Autour de nous, des dizaines d’ouvriers s’activent sous un soleil de plomb en ce matin chaud et humide typique du centre de la Floride. La structure du premier bâtiment commence à prendre forme, mais il est encore bien difficile d’imaginer à quoi ressemblera le futur complexe technologique. À terme, il devrait employer des milliers de personnes et s’étaler sur un espace marécageux grand comme 20 terrains de football, autrefois occupé par une ferme laitière.

LE MOMENT IDÉAL

L’échéancier très serré donné aux constructeurs du nouveau centre – appelé International Consortium for Advanced Manufacturing Research, ou ICAMR – n’a rien de fortuit.
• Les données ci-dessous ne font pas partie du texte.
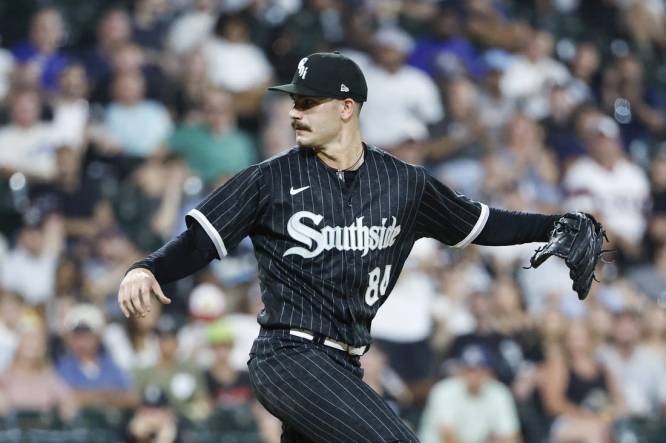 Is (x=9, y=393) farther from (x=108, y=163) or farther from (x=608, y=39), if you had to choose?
(x=608, y=39)

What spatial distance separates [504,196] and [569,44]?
2.63m

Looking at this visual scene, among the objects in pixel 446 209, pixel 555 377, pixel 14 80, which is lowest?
pixel 555 377

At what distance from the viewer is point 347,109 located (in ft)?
14.2

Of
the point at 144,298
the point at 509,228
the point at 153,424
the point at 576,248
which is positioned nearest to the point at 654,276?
the point at 153,424

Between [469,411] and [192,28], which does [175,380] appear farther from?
[192,28]

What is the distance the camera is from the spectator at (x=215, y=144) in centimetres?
899

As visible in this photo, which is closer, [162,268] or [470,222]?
[162,268]

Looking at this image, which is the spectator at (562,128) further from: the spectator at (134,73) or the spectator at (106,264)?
the spectator at (106,264)

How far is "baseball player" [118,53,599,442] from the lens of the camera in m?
4.00

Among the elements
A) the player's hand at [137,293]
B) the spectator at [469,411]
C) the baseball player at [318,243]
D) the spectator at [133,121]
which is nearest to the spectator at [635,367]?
the spectator at [469,411]

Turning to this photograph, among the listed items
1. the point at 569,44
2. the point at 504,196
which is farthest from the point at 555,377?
the point at 569,44

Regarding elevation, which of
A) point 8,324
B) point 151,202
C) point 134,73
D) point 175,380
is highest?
point 134,73

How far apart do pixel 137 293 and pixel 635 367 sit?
6.20 metres

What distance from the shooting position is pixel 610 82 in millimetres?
11484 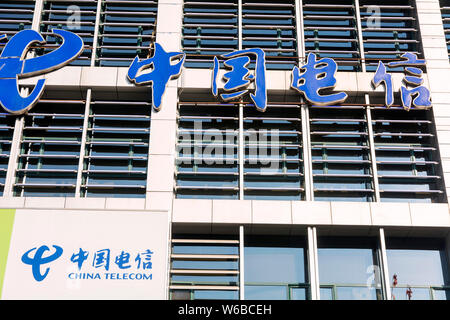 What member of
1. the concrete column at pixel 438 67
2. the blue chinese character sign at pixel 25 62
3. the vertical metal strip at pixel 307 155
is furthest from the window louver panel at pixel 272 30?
the blue chinese character sign at pixel 25 62

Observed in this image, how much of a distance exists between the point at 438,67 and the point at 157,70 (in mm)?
8976

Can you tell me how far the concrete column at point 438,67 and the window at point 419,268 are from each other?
1.80 meters

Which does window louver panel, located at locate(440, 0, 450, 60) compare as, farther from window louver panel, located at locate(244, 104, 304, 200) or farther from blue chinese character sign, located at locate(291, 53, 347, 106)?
window louver panel, located at locate(244, 104, 304, 200)

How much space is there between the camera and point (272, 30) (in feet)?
59.4

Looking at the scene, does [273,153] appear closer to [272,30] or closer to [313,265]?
[313,265]

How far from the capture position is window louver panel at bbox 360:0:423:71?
1753 cm

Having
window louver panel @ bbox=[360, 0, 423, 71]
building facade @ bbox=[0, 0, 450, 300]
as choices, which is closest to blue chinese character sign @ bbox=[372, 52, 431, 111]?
building facade @ bbox=[0, 0, 450, 300]

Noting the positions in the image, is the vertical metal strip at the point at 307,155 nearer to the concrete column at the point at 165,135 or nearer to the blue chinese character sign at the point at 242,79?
the blue chinese character sign at the point at 242,79

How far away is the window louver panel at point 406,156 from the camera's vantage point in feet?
51.0

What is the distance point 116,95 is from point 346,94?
722cm

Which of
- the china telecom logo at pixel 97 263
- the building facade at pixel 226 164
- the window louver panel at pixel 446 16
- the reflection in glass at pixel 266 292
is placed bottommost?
the reflection in glass at pixel 266 292

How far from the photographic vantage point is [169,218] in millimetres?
14266

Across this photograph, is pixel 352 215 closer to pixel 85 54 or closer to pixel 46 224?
pixel 46 224

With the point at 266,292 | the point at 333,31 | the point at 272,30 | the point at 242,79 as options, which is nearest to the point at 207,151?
the point at 242,79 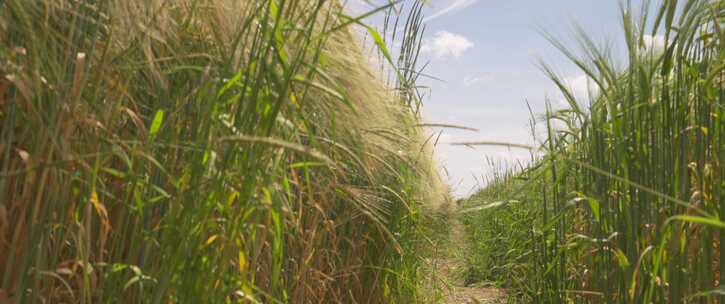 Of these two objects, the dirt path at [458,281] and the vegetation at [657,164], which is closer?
the vegetation at [657,164]

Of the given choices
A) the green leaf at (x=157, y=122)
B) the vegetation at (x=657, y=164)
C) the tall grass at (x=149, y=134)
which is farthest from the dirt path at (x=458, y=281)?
the green leaf at (x=157, y=122)

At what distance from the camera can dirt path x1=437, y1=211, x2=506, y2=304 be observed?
11.7ft

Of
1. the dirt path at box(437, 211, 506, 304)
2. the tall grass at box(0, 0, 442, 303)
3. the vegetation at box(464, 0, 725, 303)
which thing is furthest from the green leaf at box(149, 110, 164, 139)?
the dirt path at box(437, 211, 506, 304)

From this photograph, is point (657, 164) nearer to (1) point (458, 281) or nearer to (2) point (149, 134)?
(2) point (149, 134)

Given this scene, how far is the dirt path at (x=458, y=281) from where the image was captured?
358cm

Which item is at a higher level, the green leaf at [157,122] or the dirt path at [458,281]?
the green leaf at [157,122]

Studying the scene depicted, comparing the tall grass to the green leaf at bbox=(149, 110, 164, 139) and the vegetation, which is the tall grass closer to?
the green leaf at bbox=(149, 110, 164, 139)

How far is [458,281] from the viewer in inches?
221

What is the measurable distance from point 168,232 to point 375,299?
167 centimetres

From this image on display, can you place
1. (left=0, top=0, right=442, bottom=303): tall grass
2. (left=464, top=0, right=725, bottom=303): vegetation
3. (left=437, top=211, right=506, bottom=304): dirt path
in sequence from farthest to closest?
(left=437, top=211, right=506, bottom=304): dirt path, (left=464, top=0, right=725, bottom=303): vegetation, (left=0, top=0, right=442, bottom=303): tall grass

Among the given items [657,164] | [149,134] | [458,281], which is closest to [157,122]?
[149,134]

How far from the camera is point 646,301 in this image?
5.39 feet

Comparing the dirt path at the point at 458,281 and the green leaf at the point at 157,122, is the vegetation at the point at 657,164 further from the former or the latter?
the dirt path at the point at 458,281

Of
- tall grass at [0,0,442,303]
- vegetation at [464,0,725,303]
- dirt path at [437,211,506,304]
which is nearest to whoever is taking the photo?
tall grass at [0,0,442,303]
La Floride a lancé un vaste programme pour diversifier son économie au cours des dernières années, et le secteur du « manufacturier avancé » (pour advanced manufacturing) en fait partie intégrante.

« Pourquoi vouloir aller si vite ? Parce que c’est maintenant qu’il faut agir. »

— Chester Kennedy, président et chef de la direction d’ICAMR

M. Kennedy espère positionner sa région comme un centre mondial de la production de capteurs de nouvelle génération. Ces micropuces sont utilisées dans une foule d’appareils comme les téléphones intelligents (qui en contiennent 24 en moyenne), les équipements médicaux ou encore les systèmes de sécurité. Le marché mondial pour cette technologie devrait atteindre 19 000 milliards US en 2020, selon une étude de Cisco.

Le projet d’ICAMR se veut une suite logique au phénomène du rapatriement industriel (reshoring), qui a vu plusieurs multinationales rapatrier leur production de l’Asie vers les États-Unis – et dans certains cas le Canada – au cours des dernières années.

« On est sur le point de voir émerger une nouvelle génération de puces, et on se positionne pour être à l’avant-garde de cette prochaine génération, dit Chester Kennedy. On ne veut pas avoir à rapatrier la production d’Asie. On veut plutôt que la prochaine génération soit construite ici en premier lieu. »

RÉPARER LE PASSÉ

Il faut dire que la Floride, avec son économie traditionnellement basée sur le tourisme, l’agriculture et l’immobilier, a vu lui passer sous le nez une belle occasion d’affaires techno au tournant des années 90. À l’époque, un consortium public-privé, appelé SEMATECH, s’est formé en vue de stimuler la recherche dans le secteur des semi-conducteurs et autres micropuces. Orlando avait été considéré, mais la ville texane d’Austin a finalement remporté la mise.

Le projet s’est révélé un vif succès, et il a contribué à faire exploser l’économie d’Austin. Depuis le lancement de SEMATECH, les retombées économiques s’élèvent à plus de 25 milliards US, selon certaines estimations. Plus de 36 000 emplois de haut niveau ont été créés à Austin et Albany, où le groupe a par la suite déménagé ses pénates.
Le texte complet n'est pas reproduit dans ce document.